(Source data begins)

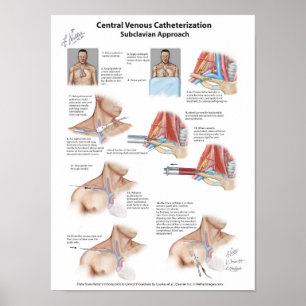 Netterdiagram: Central kateterisering på plats Poster
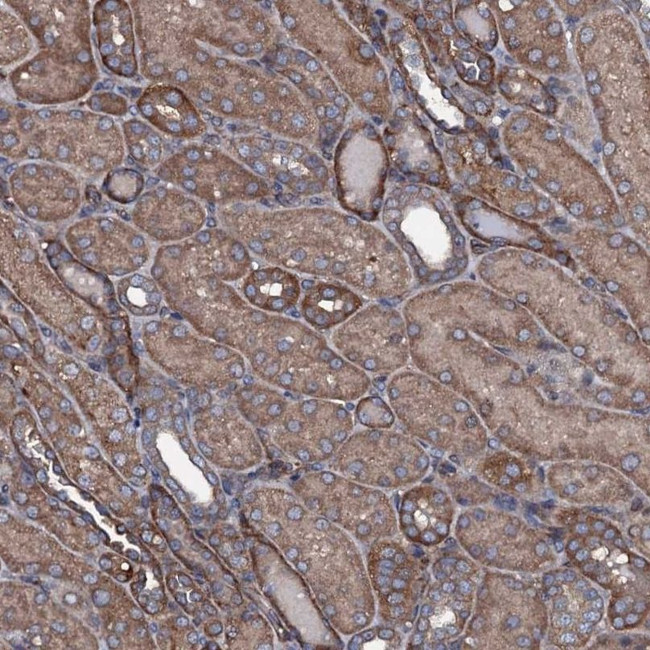 USPL1 Antibody in Immunohistochemistry (IHC)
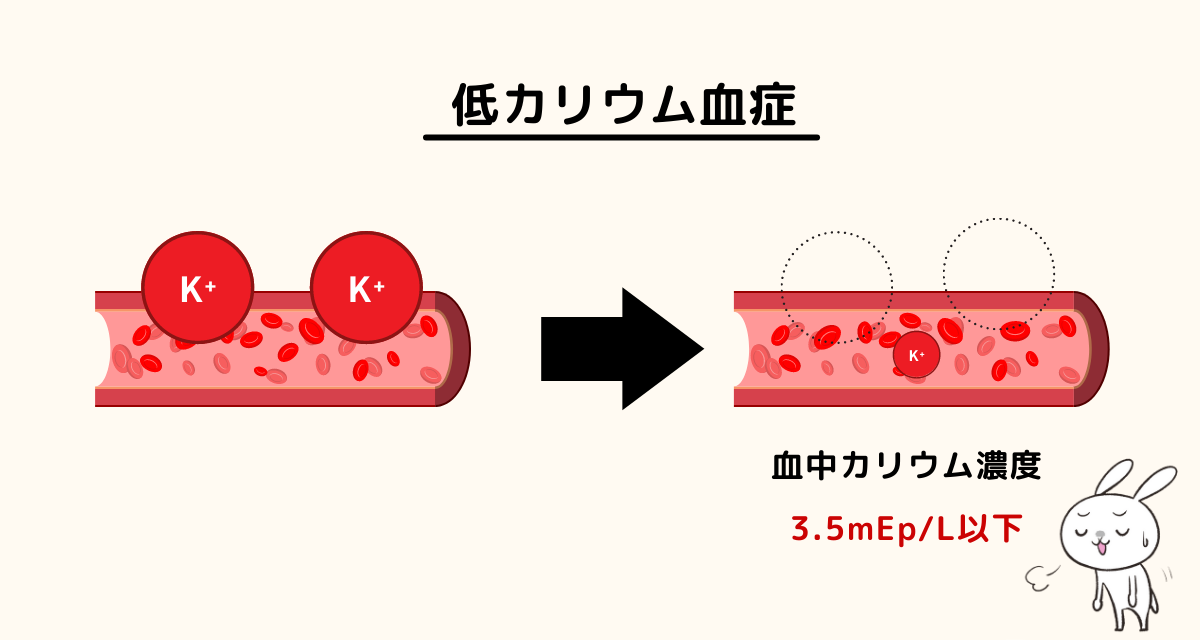 低カリウム血症 どんな症状 原因は イラストで分かりやすく解説 おがちゃん先生 Yahoo Japan クリエイターズプログラム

(Source data ends)

Each line of the material needs to be given again exactly, without any of its pictures.

 Netterdiagram: Central kateterisering på plats Poster
 USPL1 Antibody in Immunohistochemistry (IHC)
 低カリウム血症 どんな症状 原因は イラストで分かりやすく解説 おがちゃん先生 Yahoo Japan クリエイターズプログラム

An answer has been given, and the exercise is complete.